In an attempt to prolong the life of a metallised fabric subjected to a hostile environment, recently various attempts have been made to enhance the adhesion of the aluminum metallising to the substrate fabric, but up to the present time these attempts have met with little or no success. Increasing the thickness of the metallising can reduce the flexibility of the fabric, leading to yet more rapid detachment of the metallising if the fabric is crushed or crumpled, and in any event an increased metallising thickness tends to block the pores of the fabric. On the other hand, a protective post-treatment such as the application of a lacquer, varnish or other siccative paint-like coating also tends to block the pores either completely or to an unacceptable extent, if that post-treatment is to have any effect.
It is a principal object of this invention to provide a metallised fabric which is able to display superior life-expectancy as compared to known metallised fabrics, especially when subjected to hostile environments.
A further object is to provide a microporous spun-bonded oelefin substrate material having a layer of aluminum deposited thereon, wherein the tenacity of the aluminum layer is greatly enhanced.
Yet another object of the invention is to provide an improved microporous synthetic metallised fabric especially suitable for use as a thermal-insulating screen in a commercial glass-house, to reduce the heat losses from the crop-growing area thereof. The fabric may also advantageously be used in the manufacture of clothing, suitable for wearing in extremes of climate.

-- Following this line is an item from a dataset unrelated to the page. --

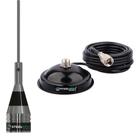 Antena Móvel VHF 1/4 de Onda 130-900mhz 100W 57cm AP0186 Suporte Magnético Super Forte com Cabo 5,5 Metros AP2075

In accordance with the foregoing objects, this invention provides a microporous metallised fabric comprising a microporous flexible fabric substrate having a layer of metal deposited on at least one side thereof, and a thin film of a polyamide-based ink printed on to the deposited metal at such a rate as not significantly to affect the microporous nature of the fabric substrate.

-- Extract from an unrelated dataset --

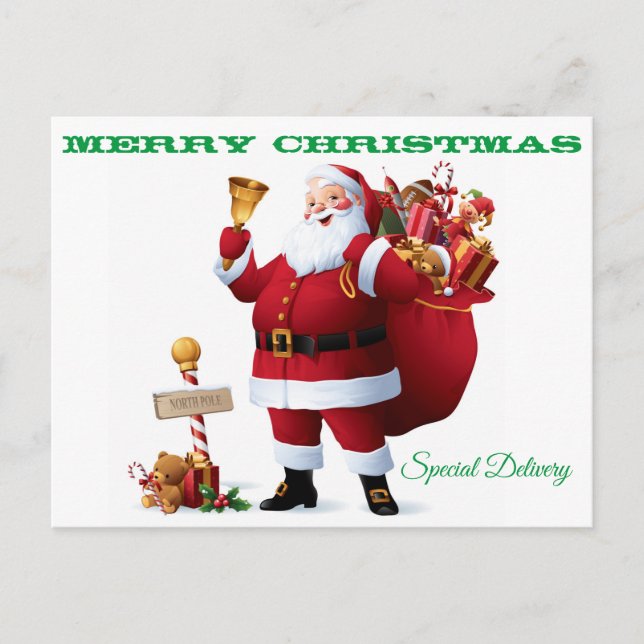 Carte postale Santa Claus (Devant)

This invention further provides a method of manufacturing a microporous metallised fabric, including a first step of metallising at least one surface of a microporous fabric, and a second step of printing on the metallised surface a thin film of a polyamide-based ink at such a rate that the microporous structure of the metallised fabric is not significantly affected by the ink film.
It has been found that the use of polyamide-based ink as a post-treatment on the metallising of a metallised fabric most significantly prolongs the life of that metallising, and by employing a conventional printing process to apply such as ink, the ink may be deposited on the metallising in an amount per unit area which is sufficiently small not significantly to affect the microporous structure of the substrate fabric.

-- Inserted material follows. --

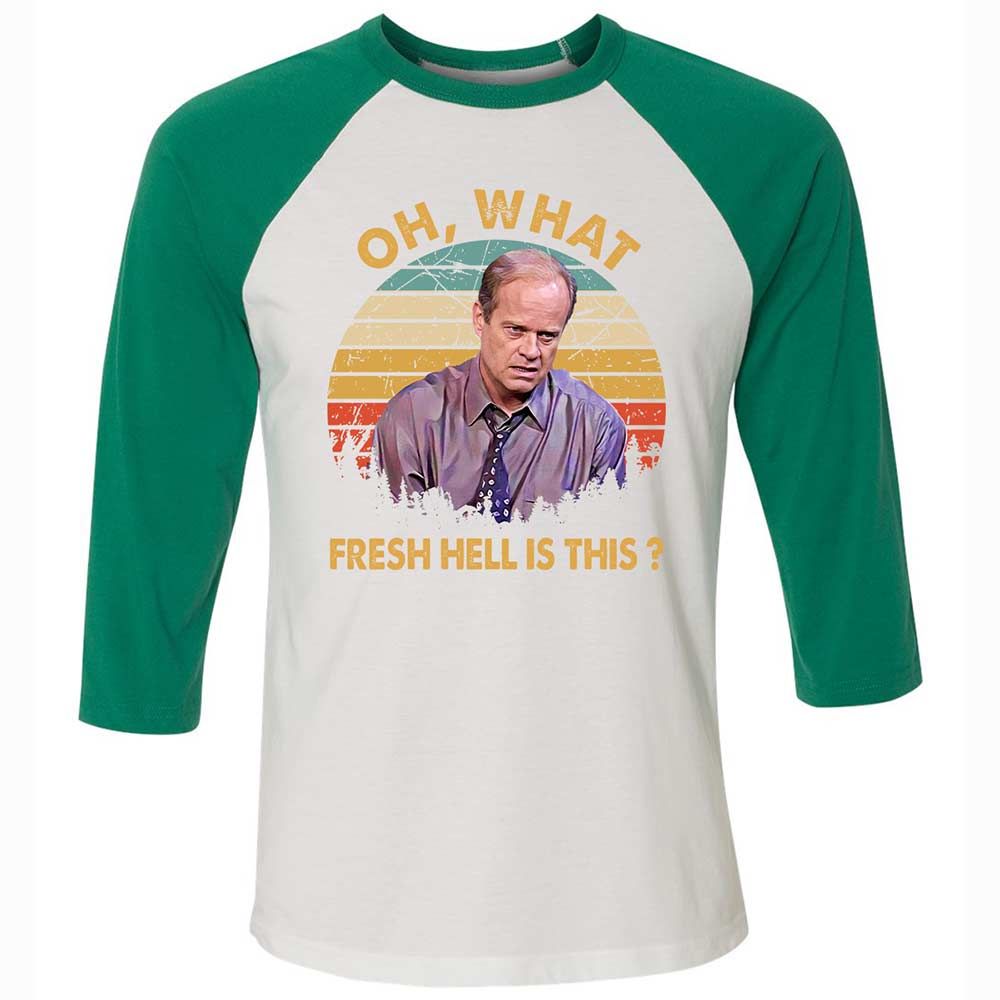 Oh What Fresh Hell Is This - White/Kelly - 6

Further objects and advantages of this invention will be apparent from the following detailed description of the invention, and from the specific Example hereof set out below.
Polyamide-based printing inks are known per se, and comprise a suspension of a polymerisable amide resin in a solvent, the resin polymerising as the solvent evaporates after the ink has been printed on a surface. An example of such an ink is that supplied by Porth Textiles under the Ink Number PT 932.
The polyamide-based printing ink as used in this invention preferably is applied at a rate of from 0.75 to 1.25 g/m2 and most preferably at a rate from about 0.9 to 1.0 g/m2, so as to leave a deposited film of a polyamide ink having a thickness of the order of about one micron (1×10-6 m). The lower limit for the polyamide film thickness is defined by the need to protect the metallising from detachment from the fabric whereas the upper limit is defined by the requirement not to block the pores of the fabric; preliminary trials have shown that if the ink is printed on at rates significantly outside the range mentioned above, the resultant film may not be able to impart the desired properties to the metallised fabric.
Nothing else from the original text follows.